My mother cooked the same meals in weekly rotation for decades, punctuated by the obligatory dinners for Thanksgiving, Christmas, and Easter when she used her wedding silverware. It was rote cooking -- measured out in cans of Hunt's tomato paste and pounds of stew meat -- but my mother treated the ingredients with enough respect that they always seemed more than just nourishment.
My brother's friends and mine -- tasting medium-rare roast beef for the first at my house -- fell in love with my mother. It was extraordinary how potent Lawry's Seasoned Salt was.

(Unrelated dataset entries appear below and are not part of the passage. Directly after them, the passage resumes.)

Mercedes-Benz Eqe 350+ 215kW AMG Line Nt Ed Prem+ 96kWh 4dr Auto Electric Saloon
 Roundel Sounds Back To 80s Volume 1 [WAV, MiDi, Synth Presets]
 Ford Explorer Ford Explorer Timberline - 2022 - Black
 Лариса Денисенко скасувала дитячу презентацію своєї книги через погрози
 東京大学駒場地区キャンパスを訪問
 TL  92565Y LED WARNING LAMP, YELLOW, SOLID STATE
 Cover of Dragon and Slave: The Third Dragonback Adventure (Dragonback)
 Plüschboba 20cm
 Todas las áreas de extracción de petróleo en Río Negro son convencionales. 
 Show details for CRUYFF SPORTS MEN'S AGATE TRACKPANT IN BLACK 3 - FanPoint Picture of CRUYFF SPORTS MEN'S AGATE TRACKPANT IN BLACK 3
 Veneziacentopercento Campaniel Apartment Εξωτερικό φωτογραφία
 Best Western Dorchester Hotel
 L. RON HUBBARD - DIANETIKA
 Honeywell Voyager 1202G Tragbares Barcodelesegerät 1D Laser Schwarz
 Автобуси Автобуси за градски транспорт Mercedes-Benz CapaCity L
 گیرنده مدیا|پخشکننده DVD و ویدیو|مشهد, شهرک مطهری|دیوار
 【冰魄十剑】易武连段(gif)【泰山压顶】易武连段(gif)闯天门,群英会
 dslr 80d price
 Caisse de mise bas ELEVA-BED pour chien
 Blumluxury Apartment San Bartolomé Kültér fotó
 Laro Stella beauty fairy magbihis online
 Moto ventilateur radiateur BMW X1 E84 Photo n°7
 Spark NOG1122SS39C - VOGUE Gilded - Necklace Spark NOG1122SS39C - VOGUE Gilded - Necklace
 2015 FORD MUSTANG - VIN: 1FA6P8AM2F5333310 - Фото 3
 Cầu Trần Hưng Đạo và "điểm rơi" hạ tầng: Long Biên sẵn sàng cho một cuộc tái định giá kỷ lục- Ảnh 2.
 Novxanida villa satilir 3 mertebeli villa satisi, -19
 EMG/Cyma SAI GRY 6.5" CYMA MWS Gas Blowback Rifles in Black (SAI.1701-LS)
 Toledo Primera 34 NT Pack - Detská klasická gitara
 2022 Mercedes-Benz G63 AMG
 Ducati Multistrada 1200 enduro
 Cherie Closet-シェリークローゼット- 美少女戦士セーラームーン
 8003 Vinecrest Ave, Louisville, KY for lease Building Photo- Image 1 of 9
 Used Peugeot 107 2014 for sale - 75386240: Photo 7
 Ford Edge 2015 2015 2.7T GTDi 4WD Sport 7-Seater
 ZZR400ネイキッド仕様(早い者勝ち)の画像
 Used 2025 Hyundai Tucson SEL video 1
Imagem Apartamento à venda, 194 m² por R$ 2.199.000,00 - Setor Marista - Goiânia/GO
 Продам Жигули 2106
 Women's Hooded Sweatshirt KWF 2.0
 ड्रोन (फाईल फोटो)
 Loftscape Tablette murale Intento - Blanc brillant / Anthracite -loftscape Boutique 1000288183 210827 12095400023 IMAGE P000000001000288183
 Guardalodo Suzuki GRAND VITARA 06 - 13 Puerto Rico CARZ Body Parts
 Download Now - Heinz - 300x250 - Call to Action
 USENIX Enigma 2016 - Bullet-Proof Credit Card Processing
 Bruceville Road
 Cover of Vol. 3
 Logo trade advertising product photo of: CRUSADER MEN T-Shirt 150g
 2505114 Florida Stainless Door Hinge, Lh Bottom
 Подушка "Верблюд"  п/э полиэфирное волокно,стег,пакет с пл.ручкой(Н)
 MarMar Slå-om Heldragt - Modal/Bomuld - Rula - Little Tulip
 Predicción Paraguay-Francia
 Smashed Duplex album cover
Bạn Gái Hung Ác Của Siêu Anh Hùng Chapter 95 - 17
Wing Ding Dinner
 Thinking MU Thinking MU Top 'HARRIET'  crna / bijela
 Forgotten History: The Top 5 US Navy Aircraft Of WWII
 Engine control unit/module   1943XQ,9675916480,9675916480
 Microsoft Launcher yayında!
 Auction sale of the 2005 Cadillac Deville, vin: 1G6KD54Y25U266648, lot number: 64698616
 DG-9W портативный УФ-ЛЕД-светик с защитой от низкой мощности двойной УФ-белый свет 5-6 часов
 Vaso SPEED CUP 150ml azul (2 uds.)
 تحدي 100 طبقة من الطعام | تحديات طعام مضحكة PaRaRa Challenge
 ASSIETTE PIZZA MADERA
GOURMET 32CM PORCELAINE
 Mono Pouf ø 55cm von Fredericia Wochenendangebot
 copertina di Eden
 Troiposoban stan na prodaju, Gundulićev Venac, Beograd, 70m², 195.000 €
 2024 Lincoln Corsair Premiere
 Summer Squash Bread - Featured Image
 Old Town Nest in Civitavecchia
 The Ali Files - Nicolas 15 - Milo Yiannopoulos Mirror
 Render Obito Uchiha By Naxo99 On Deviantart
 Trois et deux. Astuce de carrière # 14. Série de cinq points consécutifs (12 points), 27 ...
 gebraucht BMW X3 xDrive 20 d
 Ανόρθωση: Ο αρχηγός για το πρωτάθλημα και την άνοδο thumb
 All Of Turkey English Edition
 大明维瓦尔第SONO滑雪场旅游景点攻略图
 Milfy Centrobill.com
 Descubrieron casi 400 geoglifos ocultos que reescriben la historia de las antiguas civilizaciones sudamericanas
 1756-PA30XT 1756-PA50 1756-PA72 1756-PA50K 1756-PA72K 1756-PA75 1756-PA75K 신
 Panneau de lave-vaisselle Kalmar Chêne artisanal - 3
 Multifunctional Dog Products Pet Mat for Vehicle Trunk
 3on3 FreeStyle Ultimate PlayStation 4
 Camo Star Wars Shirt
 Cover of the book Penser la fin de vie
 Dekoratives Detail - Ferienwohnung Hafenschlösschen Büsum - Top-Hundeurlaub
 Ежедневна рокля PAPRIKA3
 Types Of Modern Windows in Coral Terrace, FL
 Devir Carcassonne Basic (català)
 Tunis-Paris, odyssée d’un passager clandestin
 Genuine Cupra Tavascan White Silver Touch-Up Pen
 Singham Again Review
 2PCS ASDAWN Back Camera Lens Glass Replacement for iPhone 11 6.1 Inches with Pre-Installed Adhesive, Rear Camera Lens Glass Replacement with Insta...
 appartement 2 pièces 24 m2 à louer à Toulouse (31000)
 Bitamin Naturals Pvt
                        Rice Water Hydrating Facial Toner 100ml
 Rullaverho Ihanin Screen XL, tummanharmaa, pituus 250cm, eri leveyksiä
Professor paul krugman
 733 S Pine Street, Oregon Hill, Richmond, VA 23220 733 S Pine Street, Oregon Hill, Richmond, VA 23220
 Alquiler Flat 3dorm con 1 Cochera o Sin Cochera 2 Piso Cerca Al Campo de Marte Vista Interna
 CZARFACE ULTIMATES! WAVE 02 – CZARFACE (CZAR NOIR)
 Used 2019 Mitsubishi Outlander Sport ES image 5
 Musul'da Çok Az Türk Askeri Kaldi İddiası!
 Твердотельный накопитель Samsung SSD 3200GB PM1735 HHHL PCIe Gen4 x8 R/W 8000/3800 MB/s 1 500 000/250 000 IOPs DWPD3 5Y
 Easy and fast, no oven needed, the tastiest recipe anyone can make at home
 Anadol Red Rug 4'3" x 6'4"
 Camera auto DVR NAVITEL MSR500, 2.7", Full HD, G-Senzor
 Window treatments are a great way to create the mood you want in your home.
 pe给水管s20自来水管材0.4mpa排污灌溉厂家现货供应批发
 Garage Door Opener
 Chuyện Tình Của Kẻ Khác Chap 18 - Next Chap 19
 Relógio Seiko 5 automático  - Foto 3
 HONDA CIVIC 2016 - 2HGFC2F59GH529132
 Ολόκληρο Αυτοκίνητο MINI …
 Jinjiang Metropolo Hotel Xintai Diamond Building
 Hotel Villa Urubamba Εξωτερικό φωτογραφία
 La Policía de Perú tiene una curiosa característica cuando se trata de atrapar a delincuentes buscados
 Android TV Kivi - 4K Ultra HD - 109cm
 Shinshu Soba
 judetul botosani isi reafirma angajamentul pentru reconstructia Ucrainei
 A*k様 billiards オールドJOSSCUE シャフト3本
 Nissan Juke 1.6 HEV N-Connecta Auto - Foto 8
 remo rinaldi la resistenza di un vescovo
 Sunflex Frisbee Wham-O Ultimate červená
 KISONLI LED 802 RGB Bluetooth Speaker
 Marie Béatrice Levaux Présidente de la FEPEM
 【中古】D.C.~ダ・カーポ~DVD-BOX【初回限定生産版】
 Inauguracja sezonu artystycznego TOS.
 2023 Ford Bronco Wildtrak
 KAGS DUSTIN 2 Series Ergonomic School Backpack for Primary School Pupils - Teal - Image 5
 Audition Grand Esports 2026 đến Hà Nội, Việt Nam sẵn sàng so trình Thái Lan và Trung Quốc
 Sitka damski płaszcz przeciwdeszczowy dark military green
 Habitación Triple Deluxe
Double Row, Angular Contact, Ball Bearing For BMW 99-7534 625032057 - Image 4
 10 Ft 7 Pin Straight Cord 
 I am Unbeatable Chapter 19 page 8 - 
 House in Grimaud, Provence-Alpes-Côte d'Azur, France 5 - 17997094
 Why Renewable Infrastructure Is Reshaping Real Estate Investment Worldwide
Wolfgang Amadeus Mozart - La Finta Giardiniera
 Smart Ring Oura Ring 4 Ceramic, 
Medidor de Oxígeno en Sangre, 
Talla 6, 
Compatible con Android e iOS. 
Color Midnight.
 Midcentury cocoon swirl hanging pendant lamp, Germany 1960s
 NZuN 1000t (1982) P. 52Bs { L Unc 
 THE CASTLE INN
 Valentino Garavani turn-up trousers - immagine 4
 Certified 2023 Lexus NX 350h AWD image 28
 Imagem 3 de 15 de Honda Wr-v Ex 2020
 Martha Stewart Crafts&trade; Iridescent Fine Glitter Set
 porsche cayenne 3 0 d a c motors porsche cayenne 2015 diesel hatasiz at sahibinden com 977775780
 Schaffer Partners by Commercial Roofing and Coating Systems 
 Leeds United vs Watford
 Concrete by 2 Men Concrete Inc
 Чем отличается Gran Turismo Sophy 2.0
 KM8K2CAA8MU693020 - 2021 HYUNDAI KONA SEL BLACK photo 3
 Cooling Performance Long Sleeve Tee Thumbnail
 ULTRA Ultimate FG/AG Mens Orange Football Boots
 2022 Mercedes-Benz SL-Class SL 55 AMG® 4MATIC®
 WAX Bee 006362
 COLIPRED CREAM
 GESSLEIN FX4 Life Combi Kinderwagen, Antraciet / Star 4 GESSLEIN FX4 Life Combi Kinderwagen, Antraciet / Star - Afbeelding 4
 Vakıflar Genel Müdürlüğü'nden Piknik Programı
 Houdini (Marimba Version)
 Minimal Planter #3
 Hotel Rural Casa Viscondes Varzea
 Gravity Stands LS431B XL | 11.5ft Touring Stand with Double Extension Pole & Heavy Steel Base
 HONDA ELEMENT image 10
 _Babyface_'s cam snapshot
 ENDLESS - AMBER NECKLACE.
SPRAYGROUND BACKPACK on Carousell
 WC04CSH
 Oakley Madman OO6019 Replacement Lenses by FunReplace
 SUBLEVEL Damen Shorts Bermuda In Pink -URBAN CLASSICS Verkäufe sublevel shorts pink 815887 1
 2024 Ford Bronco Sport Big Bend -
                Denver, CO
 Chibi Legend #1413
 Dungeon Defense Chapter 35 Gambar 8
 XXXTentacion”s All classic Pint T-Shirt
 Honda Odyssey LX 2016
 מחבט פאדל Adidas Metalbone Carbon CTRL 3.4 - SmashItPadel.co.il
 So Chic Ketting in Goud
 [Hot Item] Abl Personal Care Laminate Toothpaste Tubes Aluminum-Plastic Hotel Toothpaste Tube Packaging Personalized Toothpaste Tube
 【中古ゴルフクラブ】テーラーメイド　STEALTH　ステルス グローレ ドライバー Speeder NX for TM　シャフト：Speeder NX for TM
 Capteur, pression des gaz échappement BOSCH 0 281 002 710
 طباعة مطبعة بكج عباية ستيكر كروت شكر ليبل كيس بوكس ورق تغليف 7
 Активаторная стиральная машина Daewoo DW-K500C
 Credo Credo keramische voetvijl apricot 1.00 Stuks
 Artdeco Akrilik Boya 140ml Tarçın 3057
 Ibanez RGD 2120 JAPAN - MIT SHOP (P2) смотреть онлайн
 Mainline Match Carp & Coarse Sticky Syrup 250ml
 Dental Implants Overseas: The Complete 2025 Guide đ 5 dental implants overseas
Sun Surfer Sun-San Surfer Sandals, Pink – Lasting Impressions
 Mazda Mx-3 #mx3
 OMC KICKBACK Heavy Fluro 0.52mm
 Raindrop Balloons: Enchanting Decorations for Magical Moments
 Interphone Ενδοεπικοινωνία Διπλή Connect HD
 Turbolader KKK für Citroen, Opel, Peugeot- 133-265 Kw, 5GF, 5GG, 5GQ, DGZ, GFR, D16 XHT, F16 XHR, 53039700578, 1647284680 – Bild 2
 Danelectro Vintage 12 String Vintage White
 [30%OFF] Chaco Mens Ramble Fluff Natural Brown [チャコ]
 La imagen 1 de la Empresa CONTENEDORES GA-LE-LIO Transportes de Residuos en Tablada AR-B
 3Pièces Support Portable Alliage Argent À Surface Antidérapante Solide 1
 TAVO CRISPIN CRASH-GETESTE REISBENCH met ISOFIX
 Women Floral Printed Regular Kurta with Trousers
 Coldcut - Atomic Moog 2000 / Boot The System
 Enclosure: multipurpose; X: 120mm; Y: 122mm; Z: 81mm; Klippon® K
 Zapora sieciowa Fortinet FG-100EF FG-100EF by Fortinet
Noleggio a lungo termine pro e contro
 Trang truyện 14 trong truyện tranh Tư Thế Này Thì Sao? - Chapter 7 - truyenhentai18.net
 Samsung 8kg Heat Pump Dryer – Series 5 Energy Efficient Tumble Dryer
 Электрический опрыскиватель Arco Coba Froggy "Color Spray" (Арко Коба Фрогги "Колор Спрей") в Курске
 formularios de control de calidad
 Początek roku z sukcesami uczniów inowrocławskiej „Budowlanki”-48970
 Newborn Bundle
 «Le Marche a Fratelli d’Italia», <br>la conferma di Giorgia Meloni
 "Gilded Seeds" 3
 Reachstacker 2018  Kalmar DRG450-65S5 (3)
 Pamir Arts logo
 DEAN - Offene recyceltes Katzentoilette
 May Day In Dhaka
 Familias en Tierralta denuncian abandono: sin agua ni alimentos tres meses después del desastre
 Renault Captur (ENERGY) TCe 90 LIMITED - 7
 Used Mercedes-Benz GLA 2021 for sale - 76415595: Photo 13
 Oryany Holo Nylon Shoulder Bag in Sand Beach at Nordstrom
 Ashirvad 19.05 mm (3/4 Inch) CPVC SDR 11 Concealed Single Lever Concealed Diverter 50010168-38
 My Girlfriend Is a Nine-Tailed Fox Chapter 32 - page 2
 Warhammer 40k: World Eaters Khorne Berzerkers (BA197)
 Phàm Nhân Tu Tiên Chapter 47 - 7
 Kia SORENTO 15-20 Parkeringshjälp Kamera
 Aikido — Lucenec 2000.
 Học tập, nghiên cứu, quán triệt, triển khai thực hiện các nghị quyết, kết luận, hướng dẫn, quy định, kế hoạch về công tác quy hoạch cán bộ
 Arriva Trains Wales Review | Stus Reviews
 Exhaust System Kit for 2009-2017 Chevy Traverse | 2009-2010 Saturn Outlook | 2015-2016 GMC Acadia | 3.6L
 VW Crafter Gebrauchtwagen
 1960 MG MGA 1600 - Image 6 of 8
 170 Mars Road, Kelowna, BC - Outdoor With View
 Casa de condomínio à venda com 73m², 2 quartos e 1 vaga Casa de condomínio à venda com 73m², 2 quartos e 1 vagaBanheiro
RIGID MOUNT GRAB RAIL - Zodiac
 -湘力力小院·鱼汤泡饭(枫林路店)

My family's food habits were unfamiliar in other ways. We ate together at 7:00 p.m. or later when everyone in the neighborhood ate at 5:30 p.m. My parents went through a martini-before-dinner phase when my sophisticated uncle Arthur lived with us. My mother and father drank red wine with the spaghetti and meat sauce my mother made on Saturdays (the sauce to be served on Monday over more spaghetti and always tasting even better).
Breakfast was always two USDA Grade AA eggs fried over easy in butter and served with two strips of overcooked bacon and buttered toast as my mother prepared her sons for school and a future of heart disease. It was the breakfast the Department of Agriculture recommended.
My family ate out, too, and it seems it me that we might have eaten out more often than some of our neighbors. We ate at local places, at the Clock coffee shop and at Clifton's Cafeteria and Hody's Family Restaurant in Lakewood Center -- caramel and tangerine stucco on the outside and walnut veneer and red vinyl in the half-dark interior. Hody's had counter service and car hops on roller skates. It was not exactly middle class.
We hardly noticed then, but all around us was an extravagant California of food. Backyards in my neighborhood delivered apricots, plums, peaches, pomegranates, nectarines, tangelos, guavas, and tangerines with casual overabundance. Only so much could be picked, eaten, or shared. Softball-sized peaches fell from the tree in my yard. The winey smell of fallen fruit could be overwhelming.
Those untended trees with so much fruit were all of what California could mean to refugees from colder, harder places. If only they had known what was being put in front of them. If only they had been satisfied.